Причиной же ее печали было признание, сделанное в этот вечер Боржиано. Он поклялся своей честью хранить верность возлюбленной и умолял ее ответить, но, как ни приятна была сердцу девушки эта мольба, она ее изрядно смутила. Всей душой Маддалена любила своего Боржиано, но признаться в том не смела даже наедине с собой, — обычный, хотя и немного странный каприз женщины, полюбившей впервые. Переживания, окрашенные в нежные тона хрупких восторгов, зачастую оказываются милее настоящих чувств. Но справедливости ради стоит заметить, что и до сегодняшнего признания Маддалена уже несколько дней пребывала в непонятном смятении. Жизнерадостность ее уступила место задумчивости и грусти. В таком состоянии ее и застал старый Джакопо.
— Скажи мне, дитя мое, — спросил он, мягко касаясь пальцами ее подбородка и взглядывая ей в глаза, — что ты думаешь о замужестве?
— О каком замужестве ты говоришь, папа?
— Ну, что бы ты сказала, если бы тебе сделал предложение один из самых знатных и благороднейших людей Пизы?
— Но… папа, я еще не думала о этом. Мне кажется, что лучше быть твоей дочерью, чем женою благороднейшего из дворян.
— Ну полно, полно, дитя, не буду испытывать твою скромность. Видит Бог, хоть это и лучшее из достоинств, которыми он одарил женщин, мы еще вернемся к разговору о твоем замужестве. Завтра, когда ты увидишь своего обожателя, я думаю, твоя роза сбросит шипы, и надеюсь, что в сердце твое войдет радость, как входит она в сердце жаворонка, поющего майским утром. А твой жених… Ну, спокойной ночи, спокойной ночи, — проговорил он, внезапно прервав поток красноречия, когда увидел, как мало внимания уделяет Маддалена его словам. Поцеловав ее в щеку, которая ярко зарделась при упоминании о завтрашнем дне и неизвестном претенденте на ее руку, он еще раз пожелал ей спокойной ночи и вышел из залы, оставив одну.
Следующим утром Ланфранчи был в доме своего нового друга. Джакопо принял его с отменным радушием. Маддалена, грустная, стояла в гостиной и смотрела в окно. Перед взором ее расстилались окутанные серым туманом лоскутные заплаты виноградников и полей. Постепенно вытягиваясь и истончаясь у горизонта, они змеистой лентой уводили взгляд вдаль, к голубеющим в дымке башням Апеннин.
Спокойная, как пейзаж за окном, даже слишком спокойная, девушка не выразила никаких чувств, увидев обещанного жениха. Но это была лишь видимость, а внутри — внутри бушевал пожар. Ланфранчи, хотя и был человеком светским и хорошо владел собой, выглядел заметно растерянным, встретив такой холодный прием со стороны Маддалены.
Это был мужчина примерно тридцати лет от роду, довольно приятной наружности, с необычайно густыми, черными бровями, из-под которых выглядывали серые, пронзительные глаза. Выражение их, теперь отчасти смягченное, менее всего указывало на кротость характера их обладателя.

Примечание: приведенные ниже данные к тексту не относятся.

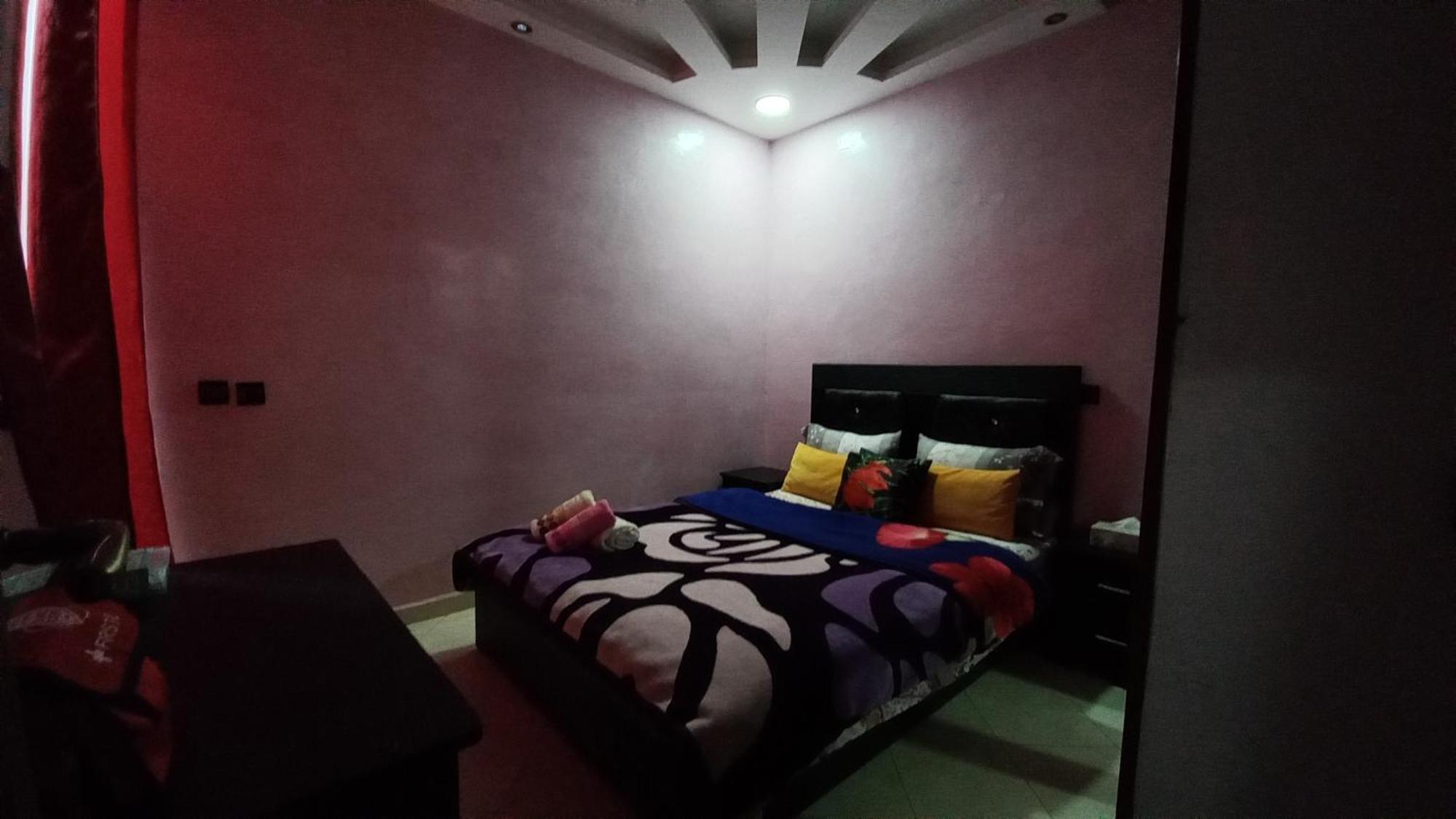 Chambre Prive Private Room Aeroport Mohamed 5 Deroua Kültér fotó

Шелковый зеленый камзол, отделанный золотым шитьем, ладно облегал его крепкую фигуру; в руке он держал круглую шляпу, тоже зеленого цвета, украшенную орлиным пером.
Воображая, что гость, стесненный его присутствием, не смеет открыть своих чувств, Джакопо неслышно вышел и… — Боже! — куда подевались смущение и светский лоск сиятельного поклонника?
Бросив на Маддалену взгляд, исполненный сладострастного желания, он жадно схватил ее руку и попытался привлечь к себе. Клятвы, заверения мутным потоком сыпались с его языка. Вздрогнув от неожиданности, Маддалена отступила на шаг и негодующе оглядела нахального ухажера.
— Бесчестно, синьор, оскорблять дочь человека, открывшего вам свой дом, — с этими словами она покинула комнату, оставив пристыженного Ланфранчи наедине с неприятными размышлениями.